Kody was sure he heard wrong and he knew it wasn't his place to interject, but it sounded like Mr. Williams had just said his grandfather had been the foreman. "My granddaddy?"

"Well, reckon he's your great-granddaddy. Was your mama's granddaddy."

Suddenly nothing tasted good at all, but wasting his food wouldn't be mannerly so he continued eating.

Mr. Williams continued. "Good folks like that wouldn't dream of having somebody else clean their house when they could do it theirselves. Now I ain't sayin' we can't use the money it brings in, but it ain't right to treat somebody providing you with a service that way." He shook his head. "That's just the type of folks they are, folks that think the world owes 'em something. And it's a shame that's the type they got running the show."

"What's more," Mrs. Williams added, "I was there two hours after I normally would've been and they ain't paying me a penny extra for it."

Leslie's parents discussed the possibility of her mother no longer cleaning houses, and though he truly agreed that it was unfortunate the way the foreman's wife and daughters had treated Mrs. Williams, Kody couldn't pay attention to the conversation anymore. All he could think about was what Mr. Williams had just unwittingly told him.

He cleaned his place and thanked the three of them for having him, then took his dishes to the sink and told them he needed to head home. Leslie asked to be excused and followed him out to the porch.

"Hey, are you alright?" she asked after pulling the front door to.

"Yeah, I'm fine. Why?"

"You just look like something's bothering you or you don't feel good or something. Are the dumplins not sitting well with you?"
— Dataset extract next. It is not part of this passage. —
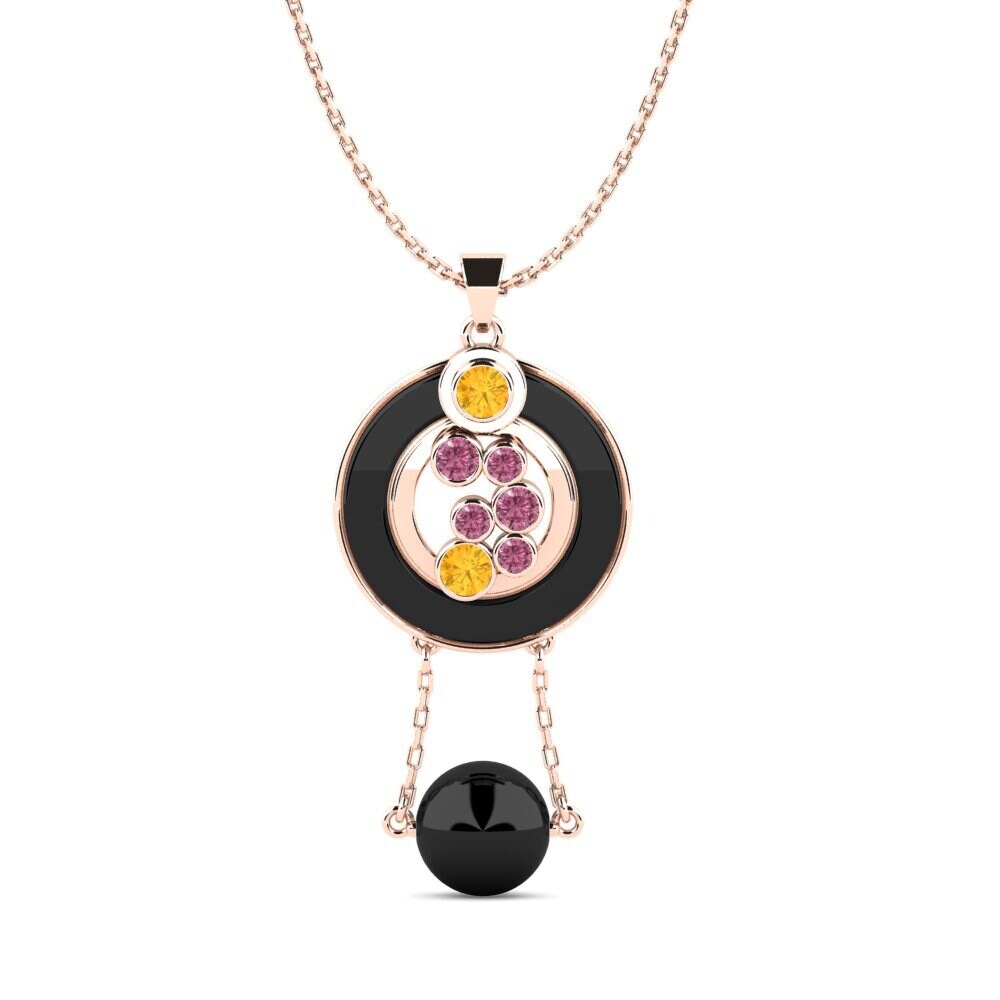 9ct Rose Gold Citrine Women's Pendant Sayre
He forced a laugh. "The dumplins were fantastic. I just think your folks need a little private time to sort things out and me being here isn't ---" he searched for the word he needed--- "conducive to that. Your mother seems pretty upset, and rightfully so. And I don't wanna be here when J.D. meets his fate."
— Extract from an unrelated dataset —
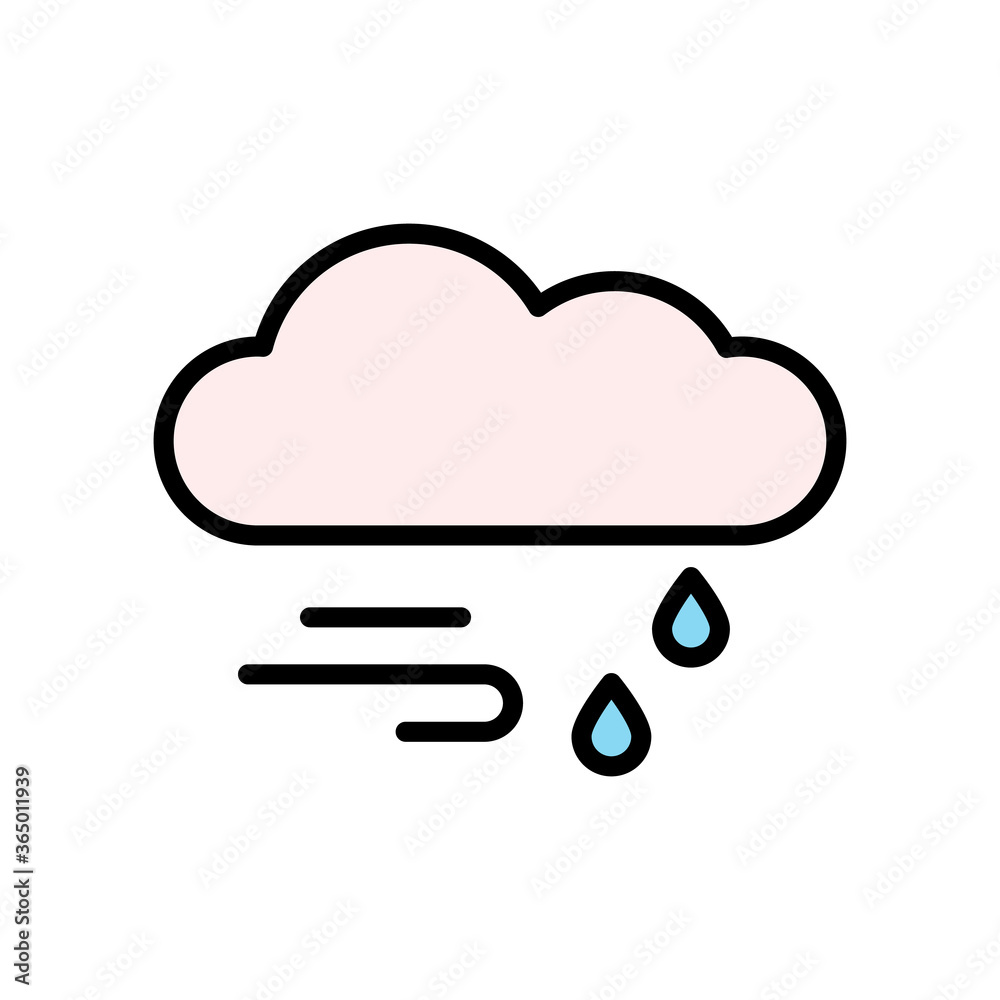 Poster cloud, rain, wind icon. simple color with outline vector elements of forecast icons for ui and ux, w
"Yeah, he's got it coming. And Mama's so shook up I doubt we'll even go to church tonight." Leslie looked through the crack in the door to be sure no one was around, then gave him a peck on the cheek. "So you're right. You best be getting yourself on home."

He smiled then turned and stepped off the porch then started off walking toward the holler. His mind was racing, trying to put together pieces of a puzzle that had no picture to guide him. Those pieces were falling together but they weren't making any sense.

Mama would be home soon, he knew, and that would be a whole other dilemma. He could come right out and ask her but there was probably good reason that secrets had been kept, and he probably didn't want to know the truth, if he was even given the truth at all. If he didn't ask, the questions would continue eating at him, because he knew they wouldn't get out of his head no matter how bad he wanted them out.

He told himself that the queasiness was due to the sticky heat and the belly full of chicken and dumplins and sweet tea, but it got worse with each step toward home.